Rose Daphne (Daphne cneorum) is also called Garland Flower. It is from Central to Southern Europe. Rose Daphne is an evergreen shrub with a height of six inches and a spread of two to three feet. The leaves are oblong, linear, slightly leathery and more numerous towards the end of downy branchelts. Flowers come in pink or rosy red and are richly fragrant. The flowers bloom from spring to early summer.
Rose Daphne is hardy in USDA zones four to eight. In cooler summer regions, rose daphne should be planted in full sun. In hot summer regions, it should be planted where it receives shade in the afternoon sun.

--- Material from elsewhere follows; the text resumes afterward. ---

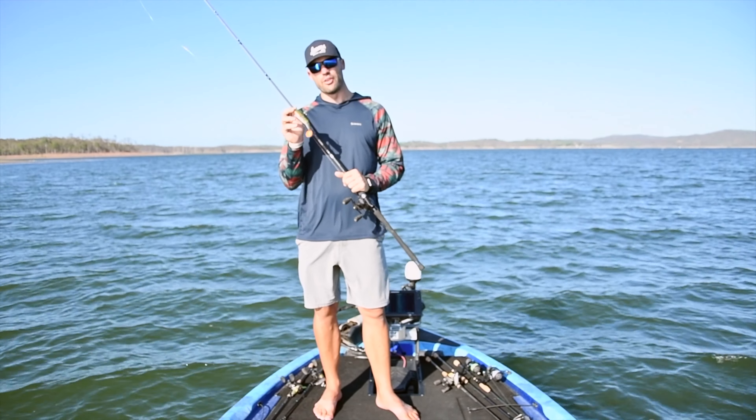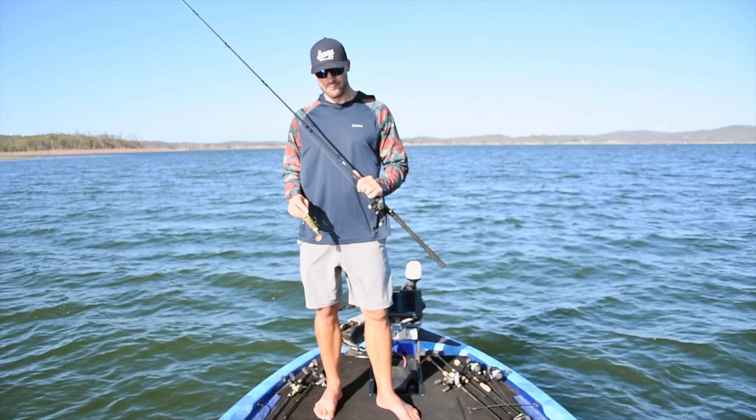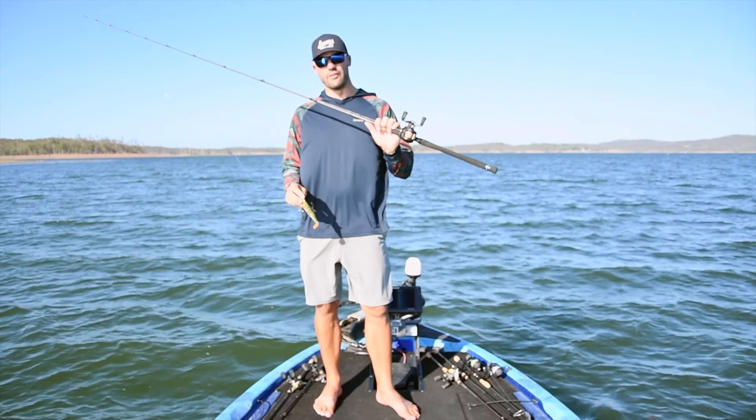G'day guys, welcome to another episode of Barra Basics. In this one I just want to show you a simple and quick way for fishing my favorite soft plastic at the moment, the Moloch Shab 140, and the rod and reel that I use.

Rose Daphne needs fast draining, nutrient rich soil. You can provide this for them by tilling the area in the flower bed where you want them to grow to a depth of six inches. Place three inches of compost on the tilled soil. Till the soil and compost together until they are completely mixed. Now, you need the pH of the soil. You can purchase kits at many nurseries. You can also send a sample to the soil lab in your area and get pH as well as a nutrient profile. Adjust the pH so that it is nearly neutral. This soil is now ready for rose daphnes.
It is best to keep rose daphnes out of strong winds or they will grow up leaning against the wind. Before planting rose daphne, make sure that is really where you want it. Rose Daphne does not transplant well once it becomes established.

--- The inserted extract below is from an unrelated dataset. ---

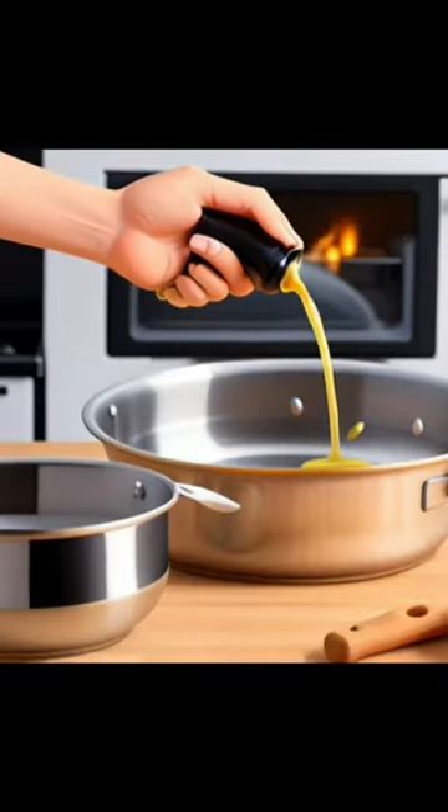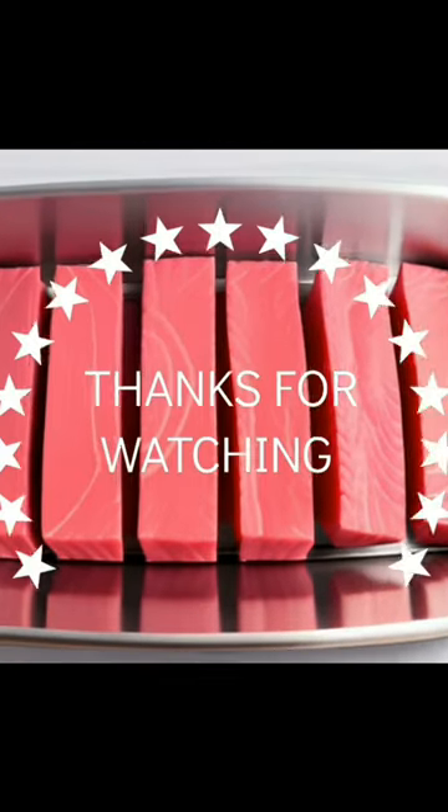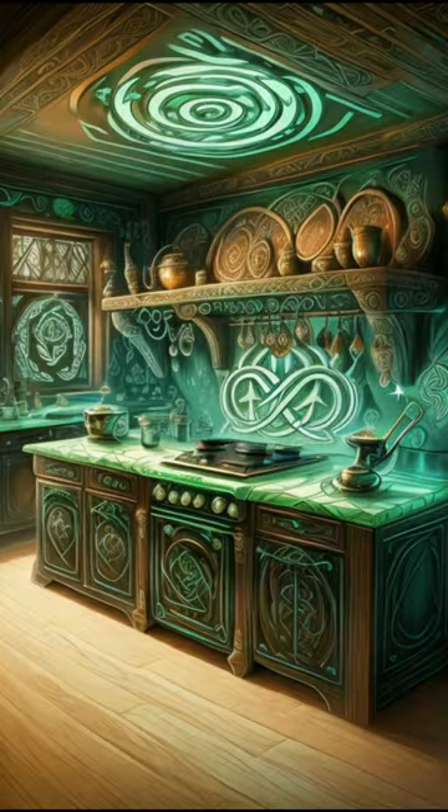No-stick secrets for stainless steel pans: preheat your pan before adding oil and food for a non-stick surface. Another tip — let your meat reach room temperature before cooking. Give it a shot next time you cook.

You can propagate rose daphne in one of three ways. If you collect some fresh seed from a rose daphne, you can sow it where you want it to grow. This should be done in the early fall. If the seed is not very fresh, however, it will not germinate well.
You can take softwood cuttings in the spring. You then root these cuttings in a mixture of peat moss and sand, so that the rooting medium drains quickly. Keep the soil moist but not soggy.

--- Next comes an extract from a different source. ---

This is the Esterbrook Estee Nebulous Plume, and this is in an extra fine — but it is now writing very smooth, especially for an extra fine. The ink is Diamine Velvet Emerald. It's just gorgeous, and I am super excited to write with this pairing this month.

Tip laying means to take one of the growing tips to the ground. It will eventually develop roots. At this point you can cut the new plant loose from the mother plant and place it where you want it.
Rose Daphnes should be pruned in the early fall, after they stop blooming. They would appreciate a top dressing of compost in the spring, before the blooms start.
Rose Daphnes are vulnerable to leaf spot, crown rot, and cankers. They also suffer from aphids, mealybugs, and scales. Predatory insects will eat the aphids, mealybugs, and scales if you have a mild infestation of the pests. For a severe infestation, Neem Oil will be necessary.
Leaf spot can be controlled by removing affected branches and fertilizing the plant with a side dressing of compost or other fertilizer. Crown rot can be avoided by planting your rose daphnes in well drained soil. If your plant develops canker, you need to treat it immediately by cutting off that branch. There are many kinds of canker and some of them will travel up the branch to the crown and kill the plant.